DATA SEGMENT:
▼

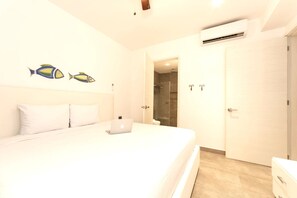 A bedroom with a bed, a laptop, a shower, and an air conditioning unit.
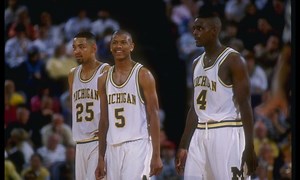 WATCH: Juwan Howard, Chris Webber Reunite To Celebrate Michigan's Upset Win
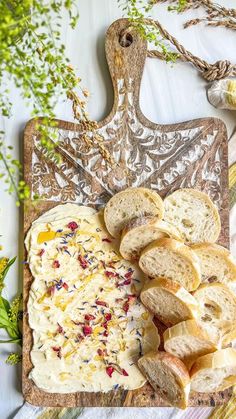 bread and cheese spread on a cutting board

▲

WHAT THE TASK ASKS:
Reproduce the data in full. Do not carry over any picture.

RESULT FOR THIS EXERCISE:
 A bedroom with a bed, a laptop, a shower, and an air conditioning unit.
 WATCH: Juwan Howard, Chris Webber Reunite To Celebrate Michigan's Upset Win
 bread and cheese spread on a cutting board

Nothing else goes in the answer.